The Airdock is so vast and large that it literally is a building with it’s own weather system. Yes, you read that right. Rumor has it that with just the right humidity and temperature change, condensation occurs to mimic a rain storm within the building. And that’s not its only odd association.

Blimps in Airdock 1973 (photo courtesy of National Register collection)
Blimps in Airdock 1973 (photo courtesy of National Register collection)

If you buy into conspiracy theories, the Goodyear Airdock has plenty of its own, particularly due to its military contractor ownership.

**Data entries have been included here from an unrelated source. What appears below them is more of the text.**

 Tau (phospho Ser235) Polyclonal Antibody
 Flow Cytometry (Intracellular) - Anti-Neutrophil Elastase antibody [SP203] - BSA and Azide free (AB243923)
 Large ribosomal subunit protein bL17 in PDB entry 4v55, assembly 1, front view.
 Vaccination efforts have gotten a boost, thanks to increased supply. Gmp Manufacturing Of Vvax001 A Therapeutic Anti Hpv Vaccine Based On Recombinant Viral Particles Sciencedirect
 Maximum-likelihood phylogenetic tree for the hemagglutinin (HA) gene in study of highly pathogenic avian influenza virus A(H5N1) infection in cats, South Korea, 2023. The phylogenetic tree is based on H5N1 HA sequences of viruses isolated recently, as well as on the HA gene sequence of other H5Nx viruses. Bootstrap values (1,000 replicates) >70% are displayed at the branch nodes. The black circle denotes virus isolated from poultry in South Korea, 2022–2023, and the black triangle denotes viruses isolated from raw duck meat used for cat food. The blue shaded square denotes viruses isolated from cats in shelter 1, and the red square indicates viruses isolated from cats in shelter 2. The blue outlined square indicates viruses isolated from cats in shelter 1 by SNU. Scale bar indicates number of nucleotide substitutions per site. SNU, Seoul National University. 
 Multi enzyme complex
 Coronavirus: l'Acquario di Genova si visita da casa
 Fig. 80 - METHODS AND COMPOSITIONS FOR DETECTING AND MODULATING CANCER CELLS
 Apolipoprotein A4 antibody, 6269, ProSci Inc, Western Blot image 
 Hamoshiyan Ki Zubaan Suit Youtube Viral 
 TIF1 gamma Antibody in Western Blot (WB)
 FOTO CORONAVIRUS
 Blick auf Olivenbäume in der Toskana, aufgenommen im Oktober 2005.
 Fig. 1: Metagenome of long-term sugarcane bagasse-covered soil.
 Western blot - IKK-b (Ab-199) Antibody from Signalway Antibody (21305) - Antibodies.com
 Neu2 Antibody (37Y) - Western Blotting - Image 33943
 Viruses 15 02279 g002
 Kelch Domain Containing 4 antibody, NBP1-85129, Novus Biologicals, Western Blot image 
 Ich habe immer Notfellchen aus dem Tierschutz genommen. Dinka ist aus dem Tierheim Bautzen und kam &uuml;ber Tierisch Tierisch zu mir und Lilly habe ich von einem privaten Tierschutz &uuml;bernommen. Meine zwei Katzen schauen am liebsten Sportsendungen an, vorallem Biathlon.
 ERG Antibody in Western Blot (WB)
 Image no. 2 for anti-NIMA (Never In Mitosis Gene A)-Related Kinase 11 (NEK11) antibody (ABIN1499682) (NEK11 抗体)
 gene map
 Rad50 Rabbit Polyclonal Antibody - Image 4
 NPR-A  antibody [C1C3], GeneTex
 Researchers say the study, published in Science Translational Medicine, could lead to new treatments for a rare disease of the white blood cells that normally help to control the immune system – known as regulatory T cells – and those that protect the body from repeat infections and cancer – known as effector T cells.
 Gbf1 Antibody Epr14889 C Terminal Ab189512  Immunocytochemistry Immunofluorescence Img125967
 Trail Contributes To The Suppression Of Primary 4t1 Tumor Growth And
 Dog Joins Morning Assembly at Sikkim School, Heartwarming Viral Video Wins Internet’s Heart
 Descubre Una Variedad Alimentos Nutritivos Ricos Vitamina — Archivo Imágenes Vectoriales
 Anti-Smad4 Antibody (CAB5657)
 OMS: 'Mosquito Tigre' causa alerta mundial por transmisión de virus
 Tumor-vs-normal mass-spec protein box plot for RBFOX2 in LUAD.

Several times over the course of the past two decades there have been fires reported within the structure, mostly rumored to be the destruction of UFOs. And in 2011, Lockheed Martin conducted a test flight for a new airship model, High Altitude Long Endurance Demonstrator (or HALE-D, for short). The mysterious silver airship ran into “technical issues” however, and caught fire in a heavily wooded area outside of Pittsburgh. According to the Pittsburgh Post-Gazette, personnel from Lockheed Martin arrived on the scene prior to firefighters to extinguish the flames and clean up whatever remained.

Regardless of whether the X-Files-esque rumors are true, one thing is for certain: the Goodyear Airdock is a one-of-a-kind structure that can only be found in Akron, and certainly a key piece in the history of our beloved Blimp mascot.